Government Not Intending To build Additional classrooms for junior secondary learners
Additional classrooms may not be built in most public schools ahead of the major transition of CBC pioneers to junior secondary schools in 2023.
With the rush of time towards the much-anticipated transition of current Grade five learners to junior secondary in 2023, parents and education stakeholders have questioned the level of preparedness of secondary schools to receive the students.
According to a Competency-Based Curriculum (CBC) task force report, the government needs to create 1.5 million classes to cater for anticipated double intake of learners in 2023.
The team, led by Prof Fatuma Chege, the Principal Secretary of State Department for Implementation of Curriculum Reforms, said 2023 will experience double intake and will require huge infrastructure.
The learners will transition to junior secondary school after sitting a national examination at Grade Six.
In the same year, present Standard Seven learners under the 8-4-4 education system will join Form One after sitting the Kenya Certificate of Primary Education (KCPE) examination.
The report says the total number of Grade Six and Standard Eight learners expected to join secondary school in 2023 will be 2,571,044, against the available secondary school spaces which is only 1,081,900.
“This indicates a significant shortfall of 1,489,144 places in secondary schools in 2023,” reads the report.
The government has only allocated Sh4 billion this financial year towards infrastructure development in schools.
But with the estimation of the Ministry of Public Works that constructing a new classroom would cost Sh1.2 million, only 4,000 new classrooms would be constructed, against a demand of 37,000 new classrooms with the expected enrolment.
With little details on actual constructions or expansions launched countrywide to create the needed spaces in schools, anxiety has been high.

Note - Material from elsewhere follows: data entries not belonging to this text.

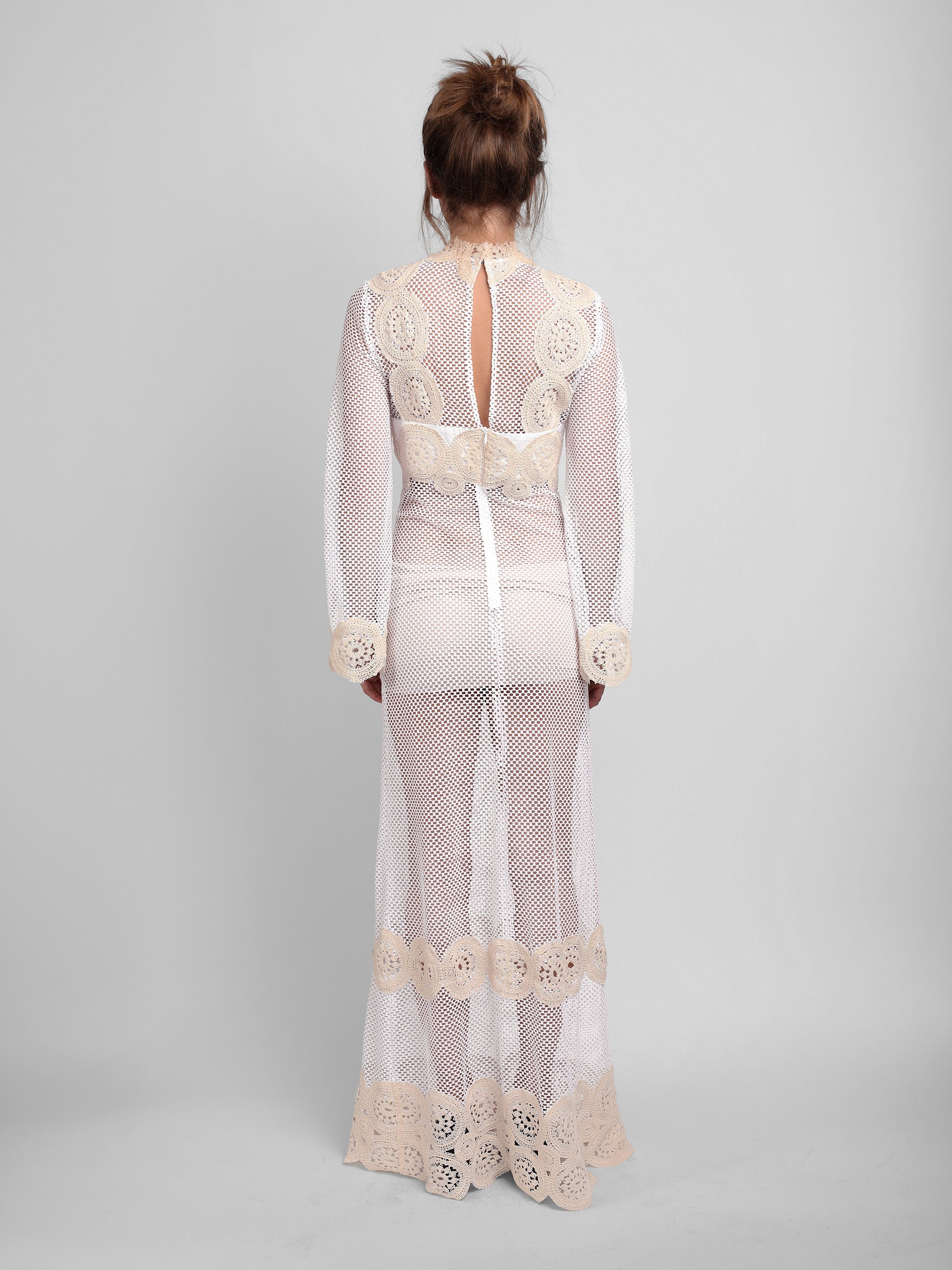 Antique Dress - White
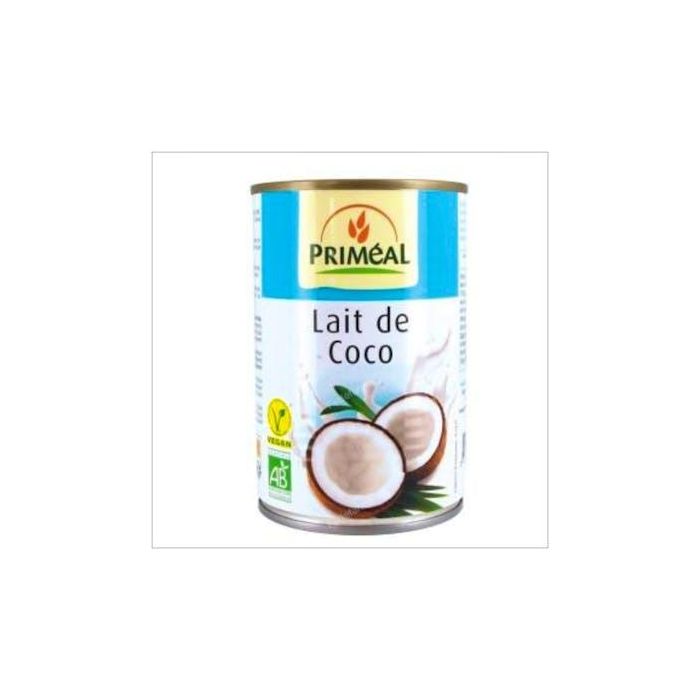 PRIMEAL Leche de Coco para Cocinar 400ml Bio Vegan, con 68% pulpa fresca para salsas y postres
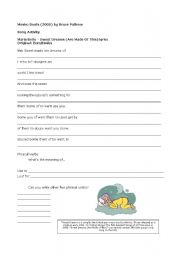 English Worksheet: Sweet Dreams - Duets Movie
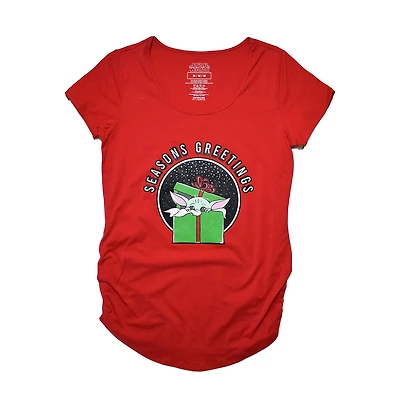 Star Wars The Mandalorian Maternity Seasons Greetings Child T-Shirt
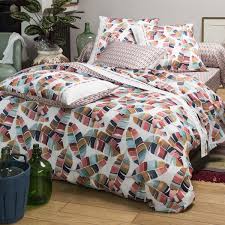 Du mardi 30 mars 2021 au lundi 19 avr. Parure De Lit Palm Spring Satin De Coton Parure De Lit Idees Pour La Maison Drap Plat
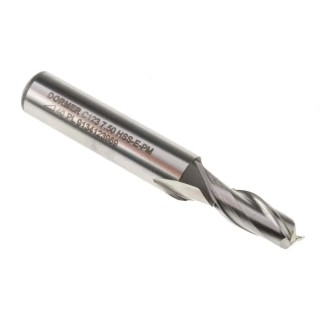 Dormer Plain Slot Drill 2 Flutes, High Speed Steel-E-PM, 7.5 mm Cut Diameter, 16 mm Cut Length, 66 mm Overall C1237.5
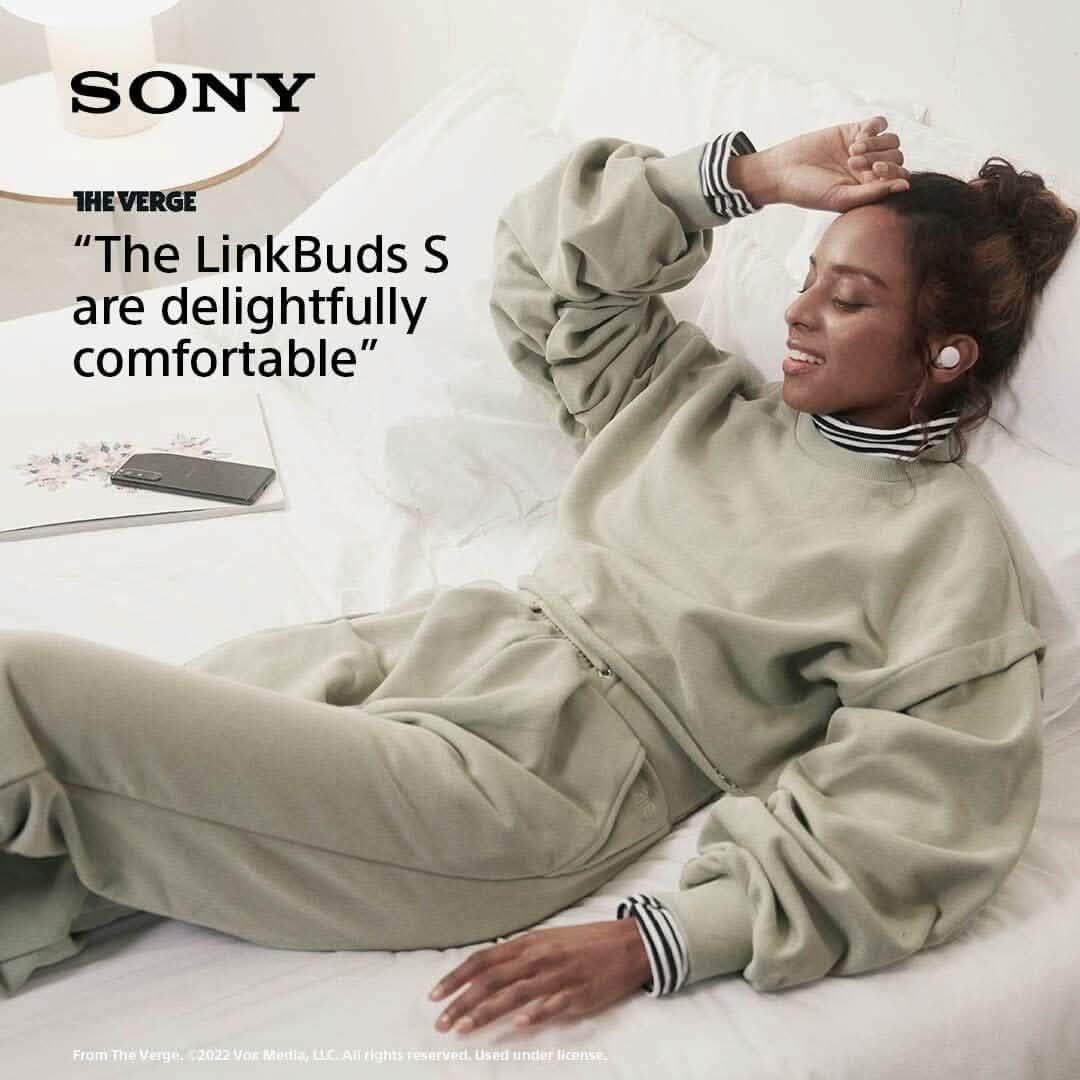 Sony LinkBuds S Truly Wireless Noise Canceling Earbud Headphones with Alexa Built-in (Refurbished) - A-1 Thread Vault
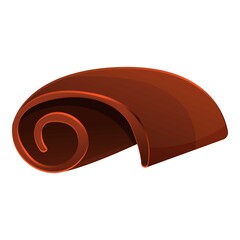Poster - Chocolate butter icon. Cartoon of chocolate butter vector icon for web design isolated on white background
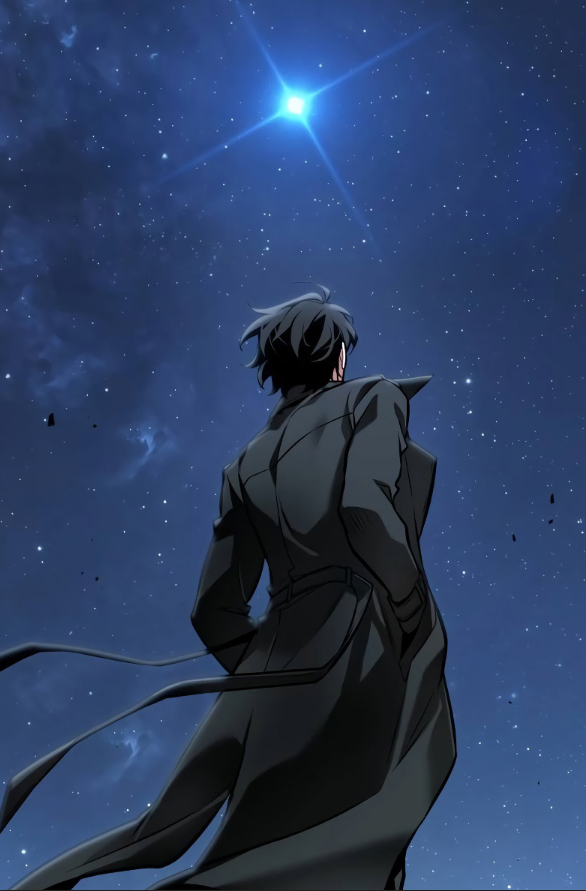 THE PARALLELS..... same pose, hands in the pockets, looking up.

i see you joonghyuk and dokja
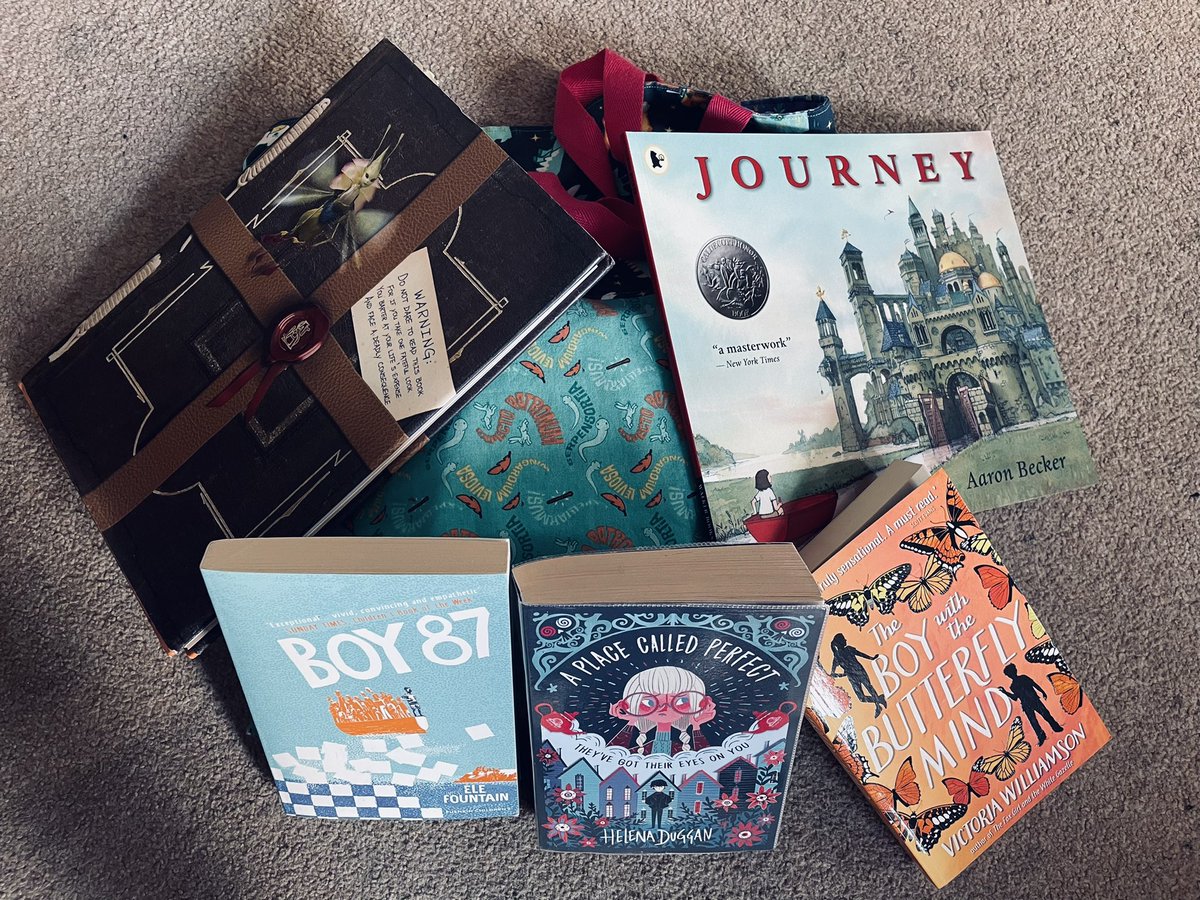 Fabulous inset day just talking books. Reading for Pleasure aplenty for me over the half-term break with these recommended and shared books 📚 @HorsendalePS @OpenUni_RfP #readingforpleasure #bookblether #teacherswhoread #happyhalfterm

It is, however emerging, after a fresh audit, that most schools may not have new classrooms constructed at all as reports indicate the existing spaces will be adequate.
A nationwide audit of existing schools’ infrastructure conducted by the Ministry of Education found that there are enough spaces in public institutions to address transition questions.
Prof Chege said the audit was undertaken under her supervision.
“We did a nationwide audit to validate the existing data on all schools’ infrastructure. Our data revealed that there is need to rationalise existing infrastructure to identify where the true need is,” she said.